Full integration with [Neptune.ai](https://neptune.ai) for experiment tracking:

```elixir
# Setup:
# export NEPTUNE_API_TOKEN="your-api-token"
# export NEPTUNE_PROJECT="workspace/project-name"

{:ok, logger} = Logging.create_logger(:neptune,
  api_token: System.get_env("NEPTUNE_API_TOKEN"),
  project: System.get_env("NEPTUNE_PROJECT")
)

# Get run URL
url = Logging.get_url(logger)
# => "https://app.neptune.ai/workspace/project-name/e/RUN-1"

# Same logging API as other backends
Logging.log_hparams(logger, %{model: "deepseek-v3", batch_size: 64})
Logging.log_metrics(logger, step, %{loss: 0.3, grad_norm: 1.2})
Logging.close(logger)
```

**Rate Limiting**: Enabled by default with 200ms minimum interval. Configure the same way as W&B.

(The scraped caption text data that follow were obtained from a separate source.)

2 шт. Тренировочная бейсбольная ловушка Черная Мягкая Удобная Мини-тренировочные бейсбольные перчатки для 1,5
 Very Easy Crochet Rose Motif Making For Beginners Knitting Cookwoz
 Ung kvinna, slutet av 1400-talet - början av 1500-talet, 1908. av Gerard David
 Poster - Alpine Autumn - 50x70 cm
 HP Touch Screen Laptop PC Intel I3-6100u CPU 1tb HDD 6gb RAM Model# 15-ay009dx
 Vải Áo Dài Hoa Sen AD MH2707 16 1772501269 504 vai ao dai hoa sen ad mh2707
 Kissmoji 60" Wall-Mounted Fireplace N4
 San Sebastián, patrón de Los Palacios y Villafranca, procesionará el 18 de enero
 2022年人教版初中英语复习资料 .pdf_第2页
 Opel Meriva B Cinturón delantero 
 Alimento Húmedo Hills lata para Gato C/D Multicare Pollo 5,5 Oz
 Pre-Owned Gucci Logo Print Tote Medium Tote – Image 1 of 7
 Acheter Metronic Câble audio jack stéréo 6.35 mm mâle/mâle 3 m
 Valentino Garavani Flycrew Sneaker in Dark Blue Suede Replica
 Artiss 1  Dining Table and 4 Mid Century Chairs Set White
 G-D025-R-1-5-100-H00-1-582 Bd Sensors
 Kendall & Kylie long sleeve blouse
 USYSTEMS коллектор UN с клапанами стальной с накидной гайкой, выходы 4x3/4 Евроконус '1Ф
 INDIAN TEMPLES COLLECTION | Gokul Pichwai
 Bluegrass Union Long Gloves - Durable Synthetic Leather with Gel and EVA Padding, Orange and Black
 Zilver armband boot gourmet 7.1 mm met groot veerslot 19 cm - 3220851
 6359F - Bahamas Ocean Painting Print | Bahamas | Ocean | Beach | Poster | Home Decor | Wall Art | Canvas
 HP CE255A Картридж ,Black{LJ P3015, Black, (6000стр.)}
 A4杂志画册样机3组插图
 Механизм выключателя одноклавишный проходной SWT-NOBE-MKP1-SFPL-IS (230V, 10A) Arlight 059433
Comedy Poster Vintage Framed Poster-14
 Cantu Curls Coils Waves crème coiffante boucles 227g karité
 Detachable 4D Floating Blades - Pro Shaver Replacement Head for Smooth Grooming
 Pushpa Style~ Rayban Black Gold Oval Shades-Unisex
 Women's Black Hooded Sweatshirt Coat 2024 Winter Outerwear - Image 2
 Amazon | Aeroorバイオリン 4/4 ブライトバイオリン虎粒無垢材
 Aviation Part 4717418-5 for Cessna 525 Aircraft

### Rate Limit Configuration

Both W&B and Neptune loggers support the following rate limit options:

| Option | Default (W&B) | Default (Neptune) | Description |
|--------|---------------|-------------------|-------------|
| `min_interval_ms` | 500 | 200 | Minimum ms between requests |
| `max_retries` | 3 | 3 | Retry attempts on 429 |
| `base_backoff_ms` | 1000 | 1000 | Initial backoff duration |
| `max_backoff_ms` | 30000 | 30000 | Maximum backoff cap |

## Evaluation & Scoring

Pluggable scoring system for model evaluation:

```elixir
alias CrucibleTrain.Eval.{Scoring, BatchRunner}

# Score individual outputs
Scoring.score(:exact_match, "Paris", "Paris")     # => 1.0
Scoring.score(:contains, "The answer is 42", "42") # => 1.0

# Streaming batch evaluation
results =
  samples
  |> BatchRunner.stream_evaluate(config, chunk_size: 25)
  |> Enum.to_list()

metrics = BatchRunner.aggregate_metrics(results)
# => %{mean_score: 0.85, total: 100, correct: 85}
```

## Learning Rate Scheduling

Flexible LR schedules with warmup support:

```elixir
alias CrucibleTrain.Supervised.Config

# Cosine annealing with warmup
config = %Config{
  learning_rate: 1.0e-4,
  lr_schedule: {:warmup, 100, :cosine}
}

# Available schedules: :constant, :linear, :cosine
# Warmup: {:warmup, warmup_steps, base_schedule}
```

## Examples

See the `examples/` directory for runnable demos:

```bash
# Run all local examples
./examples/run_all.sh

# Run individual examples
mix run --no-start examples/json_logger_example.exs
mix run --no-start examples/wandb_logger_example.exs
mix run --no-start examples/scoring_example.exs
```

| Example | Description |
|---------|-------------|
| `json_logger_example.exs` | Local JSONL logging |
| `pretty_print_logger_example.exs` | Console table output |
| `multiplex_logger_example.exs` | Multiple backends |
| `wandb_logger_example.exs` | Weights & Biases |
| `neptune_logger_example.exs` | Neptune.ai |
| `scoring_example.exs` | Evaluation scoring |
| `batch_runner_example.exs` | Batch evaluation |
| `lr_scheduling_example.exs` | LR schedules |

See [`examples/README.md`](examples/README.md) for setup instructions for cloud services.

## Documentation

Full documentation available at [HexDocs](https://hexdocs.pm/crucible_train).

## License

MIT License - see [LICENSE](LICENSE) for details.